Indeed, interaction of the receiver is required to construct a rangeproof of an output that only she can spend. This doesn’t mean sender and receiver have to be online at the same time, but does require some back and forth communication, whether it be directly wallet-to-wallet, or with chats, emails, snail-mail, carrier pigeon, or what have you.

I’m confused why this is seen as such a big issue; in what situation does a payment need to be confirmed trustlessly that doesn’t have high volume like a merchant to justify always on server or atomicly like a drug deal in which case you have time to debug communication channels?

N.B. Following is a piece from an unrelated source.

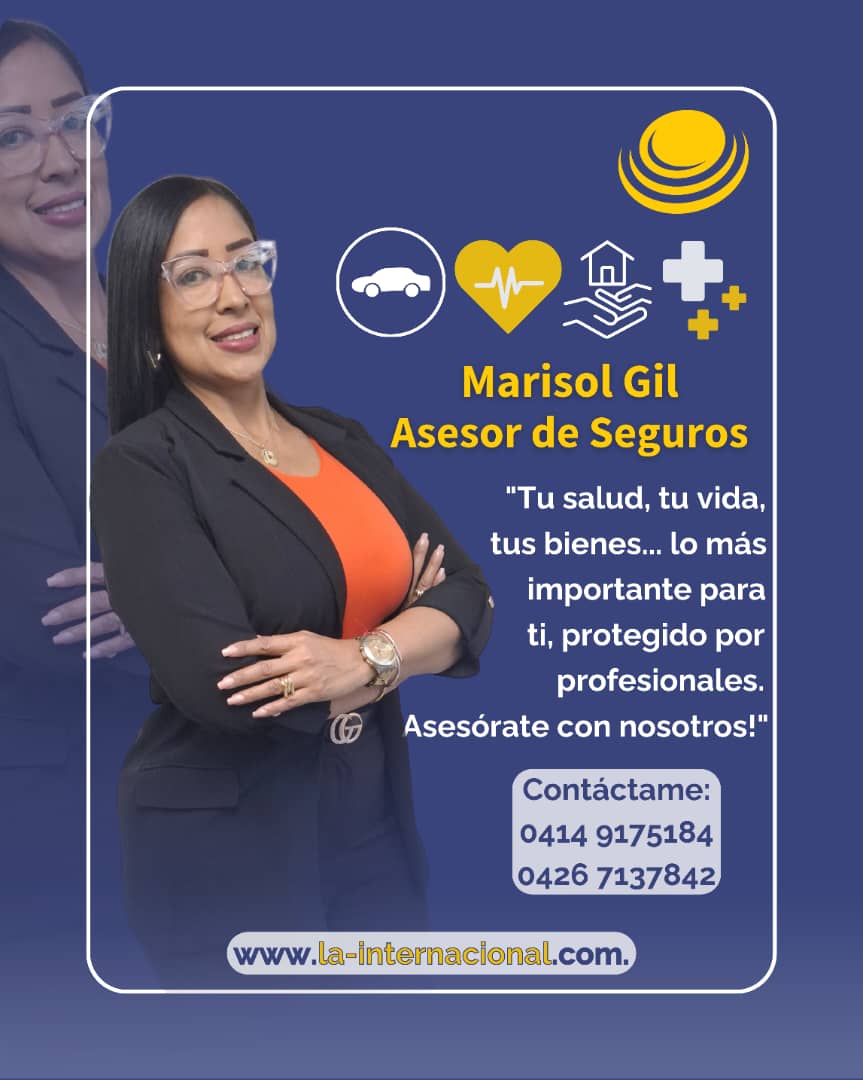 Marisol Gil - Consultora de Seguros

If the situation is that you trust someone to eventually send you money when they get around to it, you already trusting them. It may be perfectly acceptable to just have a side network that declares someone wants to pay you money and says: “next time your online check with them mmmmmk?” without even starting the protocall until both people are online

Could the receiver generate their half of the transaction first, if the amount is known, and send that to the payer? This could be seen as a kind of payment request.

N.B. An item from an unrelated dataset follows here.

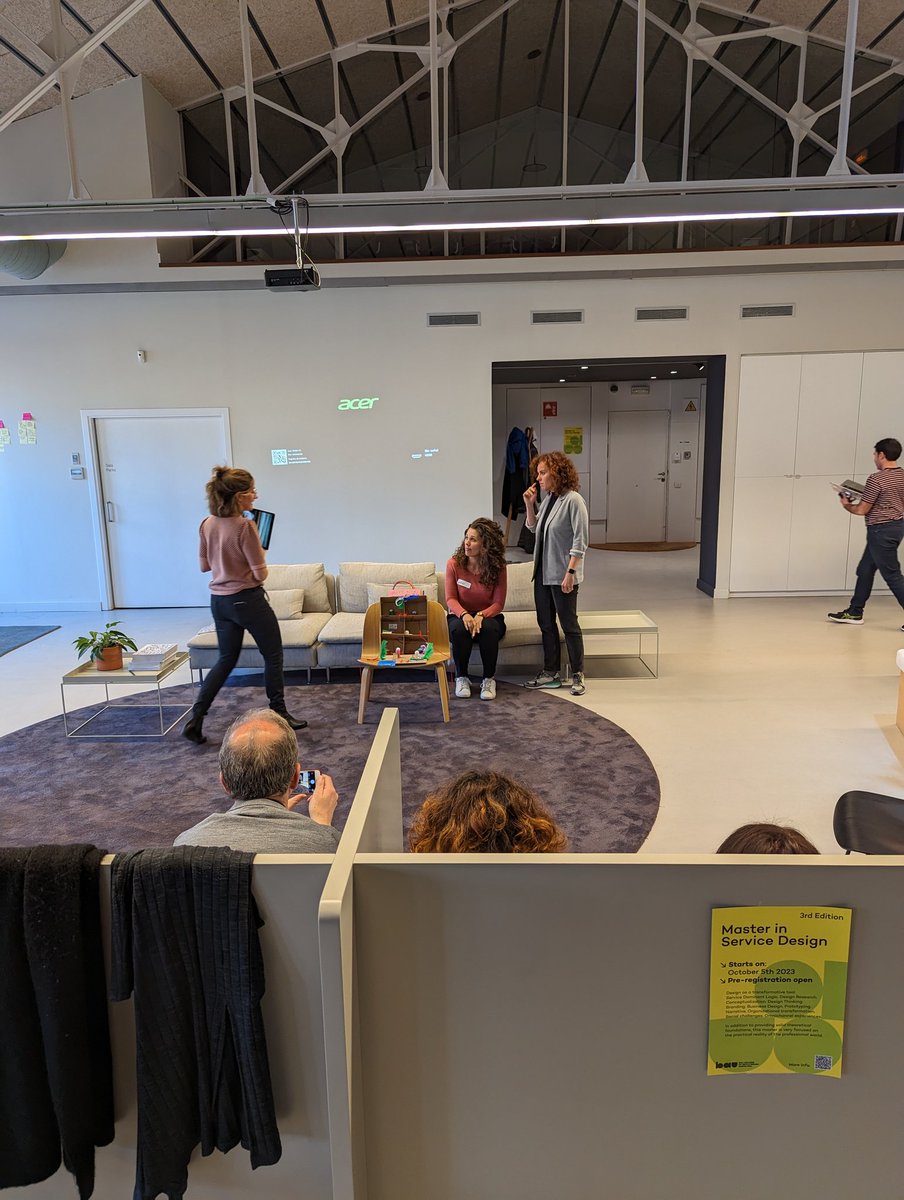 iamsaura_'s tweet photo. I had one of the best experiences ever in the #gsjam at Barcelona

No, they can’t. The receiver’s signature depends on a nonce to be chosen by the sender.

If the sender generates their half of the transaction, and sends it to an attacker by mistake, can the attacker steal the funds? Alternatively, if the attacker listens to the sender and receiver, can they step in quickly to steal the funds if the receiver acts too slowly?

no, an attacker intercepting all wallet-to-wallet communication cannot steal anything.

I’m trying to understand the transaction creation process. Does it run like this?

  1. Alice creates partial transaction and sends it to Bob
  2. Bob completes and broadcasts this transaction

What exactly prevents an eavesdropping attacker from acting quicker than Bob and taking the funds?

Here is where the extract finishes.